#### Required work
Leaving out every picture, transcribe the lines from the line that contains "watchOS 10 released" to the end of the entries below, both ends included.

____________

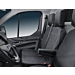 Ford Transit (01/2014 - ..) stoelhoes voor dubbele passagiersstoel, zwart Ford Transit (01/2014 - ..) stoelhoes voor dubbele passagiersstoel, zwart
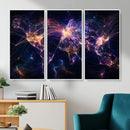 Global Flight Routes Map Canvas Wall Art, Worldwide Aviation Network Print, International Air Travel Wall Decor by MyGreatCanvas | Canvas Wall Art Prints | Photo Prints & Wall Decor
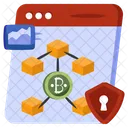 Blockchain Security Cryptocurrency Security Crypto Icon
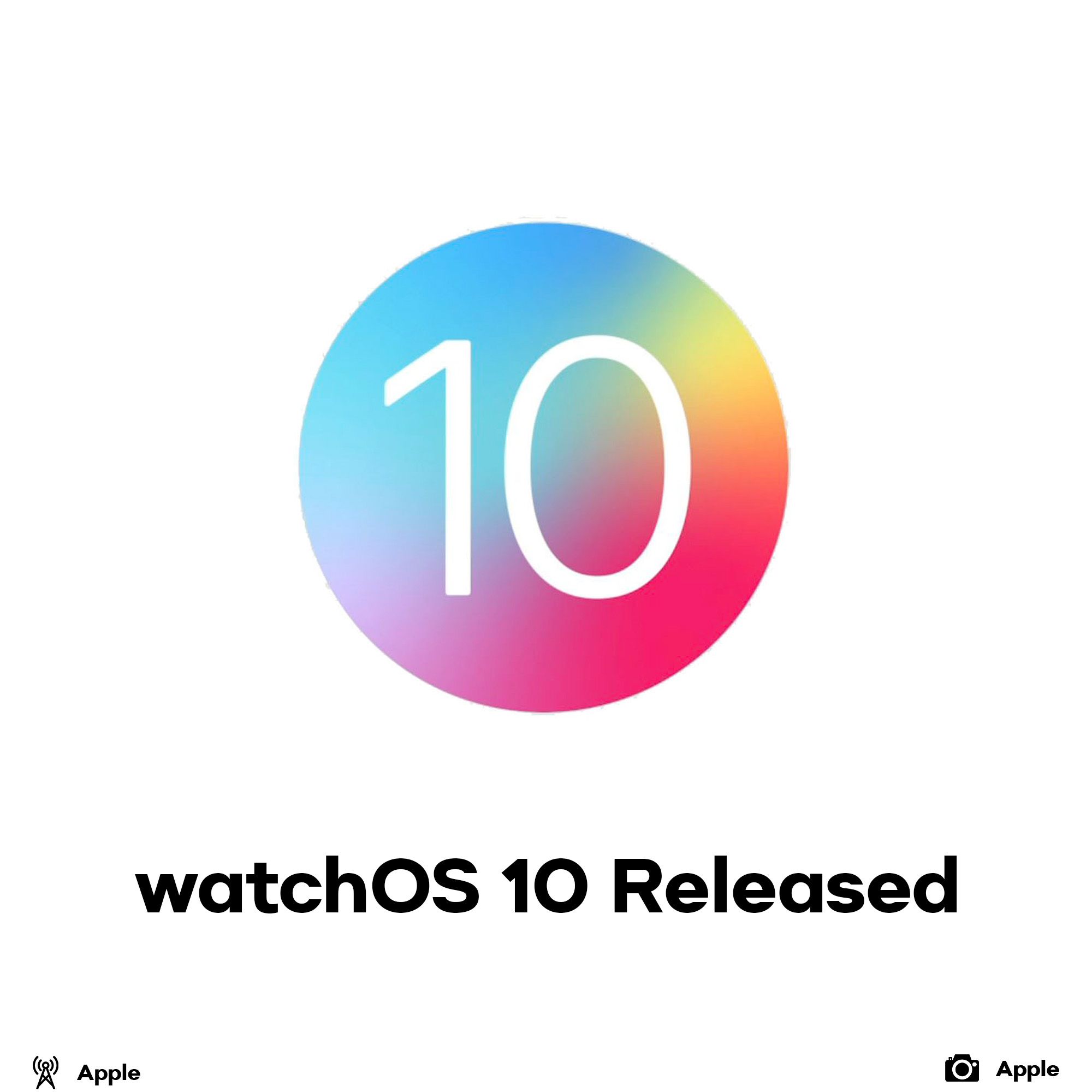 watchOS 10 released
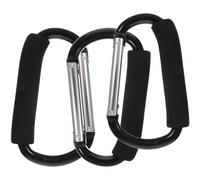 Homoyoyo 3pcs Portable Stroller Hooks Baby Stroller Carabiner Hooks Lightweight Aluminum Alloy Pram for Hanging Bags on Walking Rollator and Shopping Cart
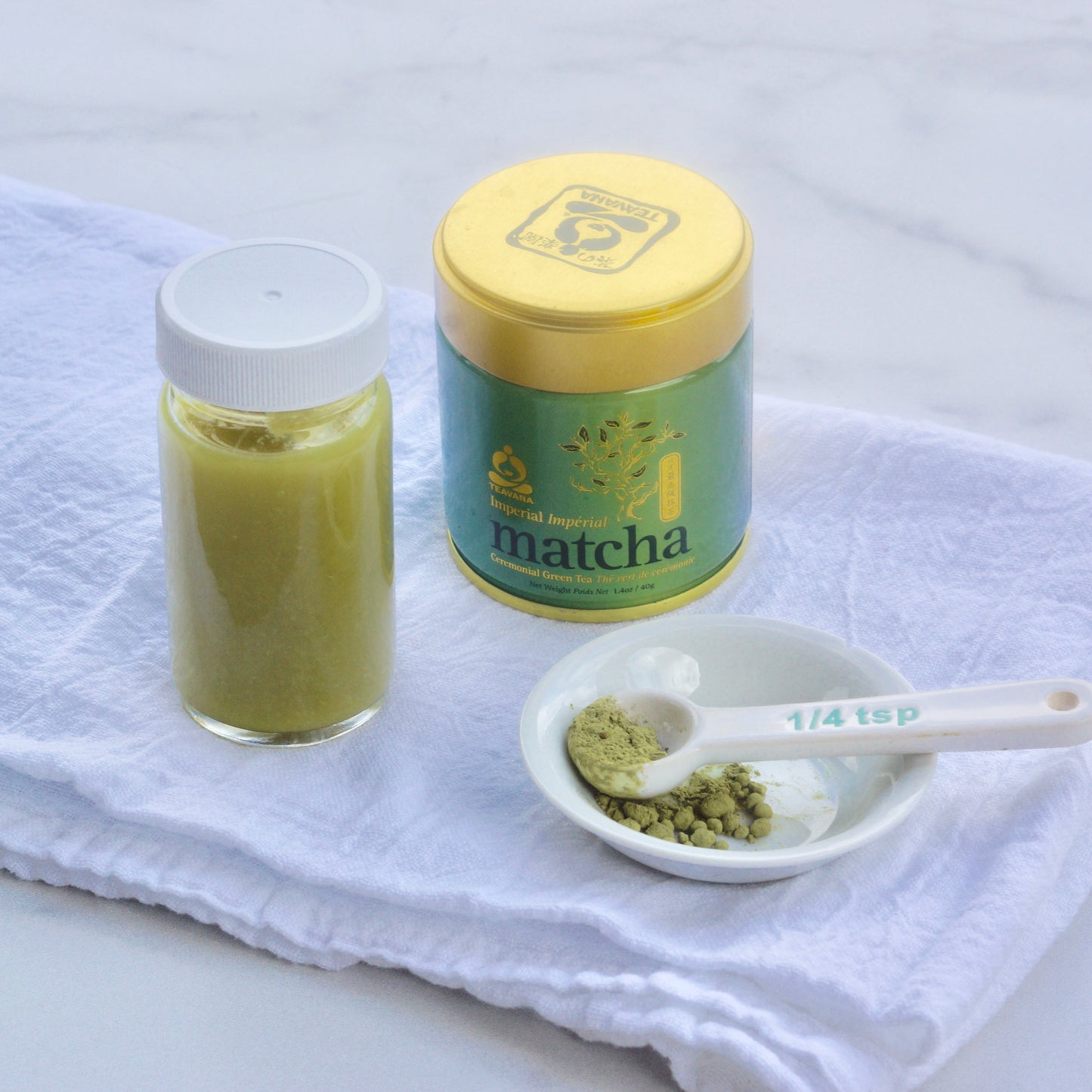 Glass Juice Shot Bottles Set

____________

#### Exercise answer
 watchOS 10 released
 Homoyoyo 3pcs Portable Stroller Hooks Baby Stroller Carabiner Hooks Lightweight Aluminum Alloy Pram for Hanging Bags on Walking Rollator and Shopping Cart
 Glass Juice Shot Bottles Set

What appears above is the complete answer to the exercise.